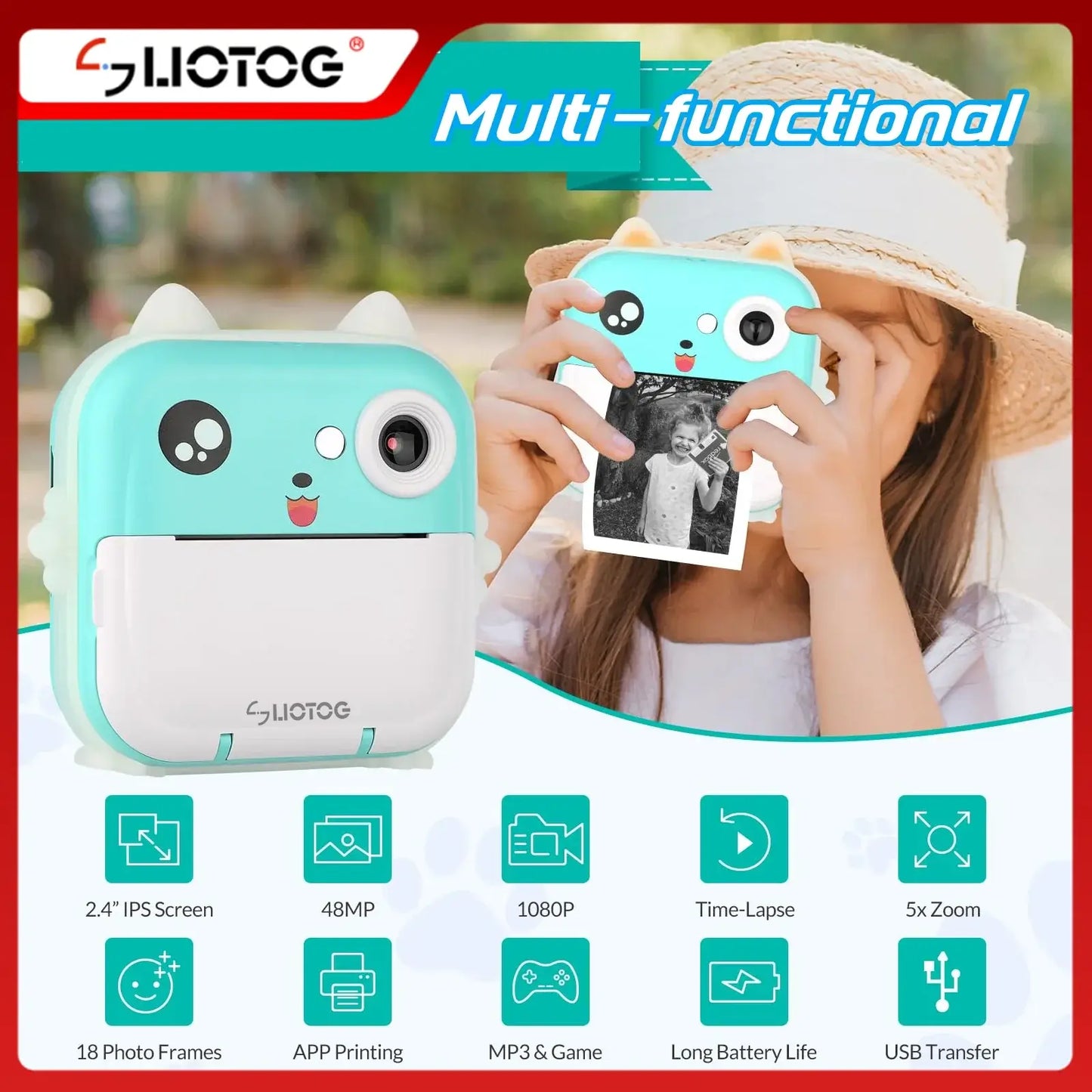 Kids instant print camera with 1080P HD, thermal printing, and 2.4-inch IPS screen, perfect for creative play and memorable gifts.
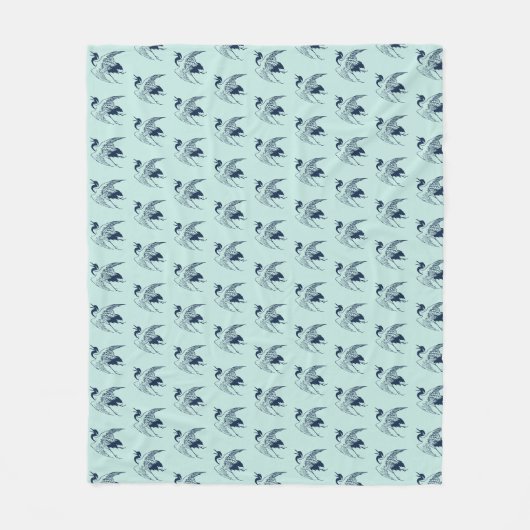 Japanisch Zeichn eines Krans, Blauer Fleece Blanke (Vorderseite)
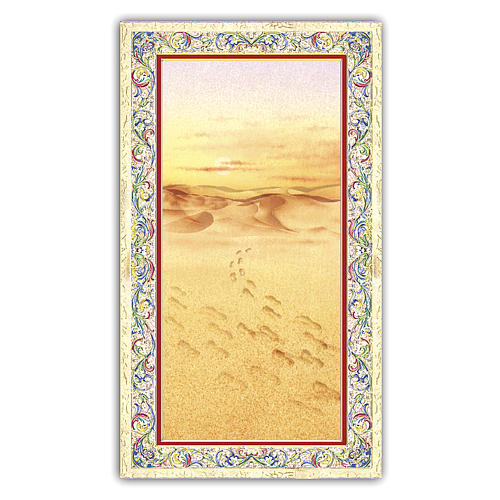 Holy card, Footprints in the sand, Message of Tenderness ITA, 10x5 cm 1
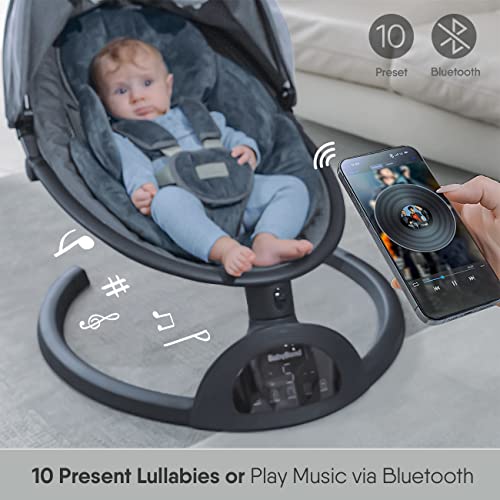 Baby Swings For Infants, Babybond Bluetooth Infant Swing With Music Speaker With 3 Seat Positions, 5 Point Harness Belt, 5 Speeds And Remote Control - Portable Baby Swing For Indoor And Outdoor #TOP5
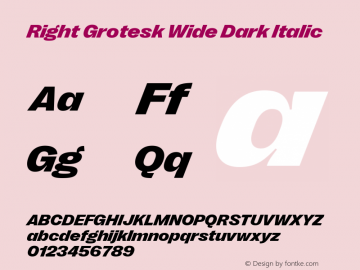 Right Grotesk Wide Dark Italic Version 2.500 Font Sample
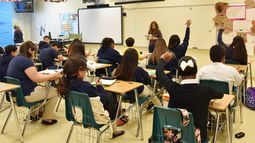 Vista parcial del aula de una escuela en Miami. Vista parcial del aula de una escuela en Miami.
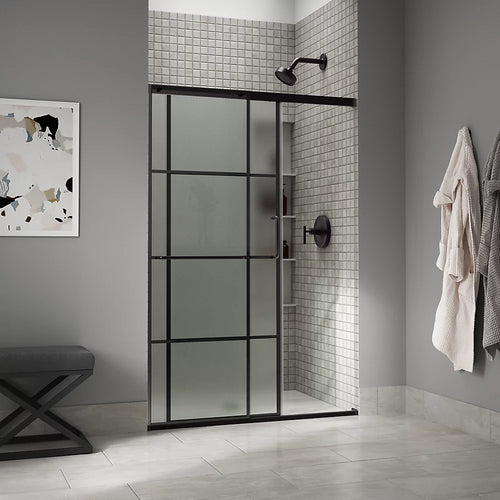 Kohler Sliding shower door, 75-1/2" H x 44-1/4 - 47-5/8" W, with heavy 5/16" thick Frosted glass with rectangular grille pattern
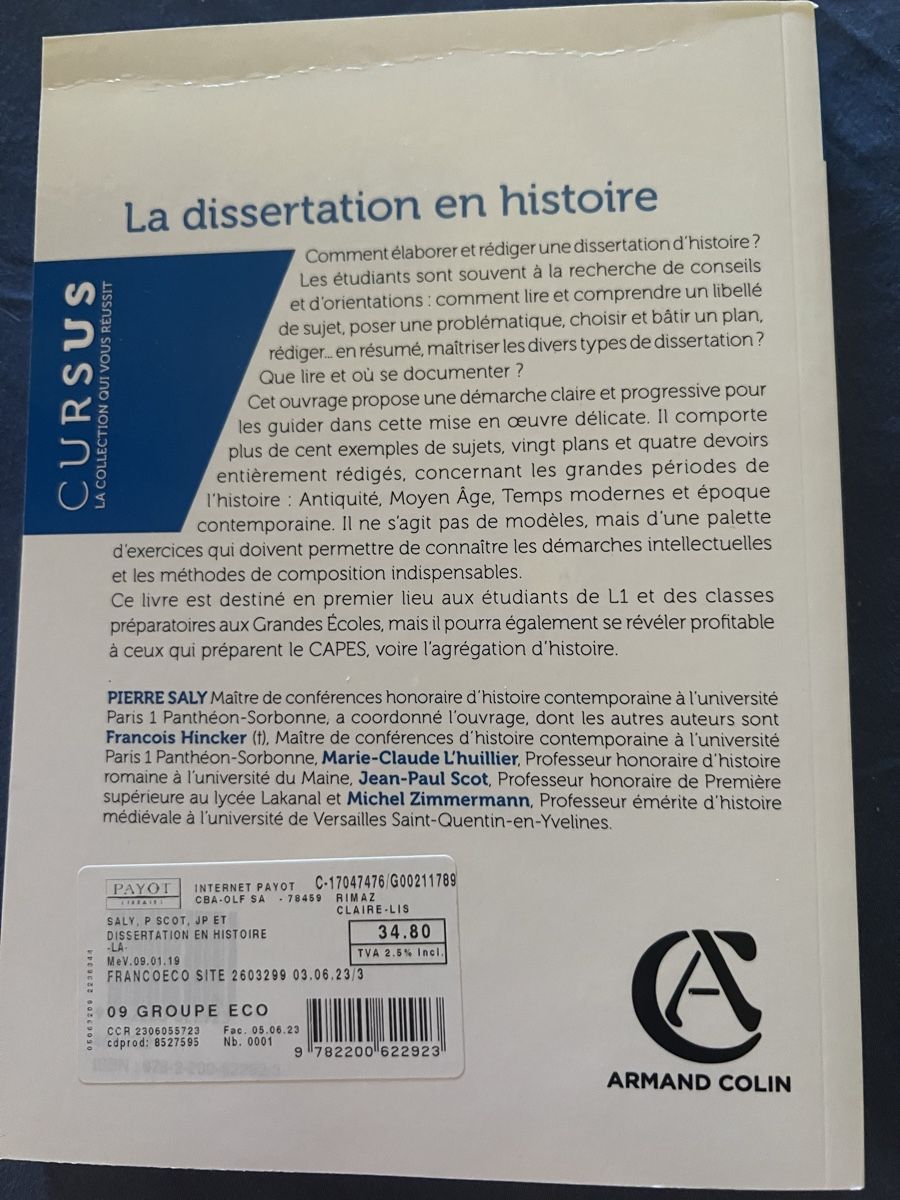 Libri: Neuf : la dissertation en histoire – Nuovo (secondo la descrizione) da Lugnorre venduto da cla_j6bq 1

> [Exercise]: Reprint the whole listing above exactly, taking out the pictures.

> [Exercise solution]:
 Kids instant print camera with 1080P HD, thermal printing, and 2.4-inch IPS screen, perfect for creative play and memorable gifts.
 Japanisch Zeichn eines Krans, Blauer Fleece Blanke (Vorderseite)
 Holy card, Footprints in the sand, Message of Tenderness ITA, 10x5 cm 1
 Baby Swings For Infants, Babybond Bluetooth Infant Swing With Music Speaker With 3 Seat Positions, 5 Point Harness Belt, 5 Speeds And Remote Control - Portable Baby Swing For Indoor And Outdoor #TOP5
 Right Grotesk Wide Dark Italic Version 2.500 Font Sample
 Vista parcial del aula de una escuela en Miami. Vista parcial del aula de una escuela en Miami.
 Kohler Sliding shower door, 75-1/2" H x 44-1/4 - 47-5/8" W, with heavy 5/16" thick Frosted glass with rectangular grille pattern
 Libri: Neuf : la dissertation en histoire – Nuovo (secondo la descrizione) da Lugnorre venduto da cla_j6bq 1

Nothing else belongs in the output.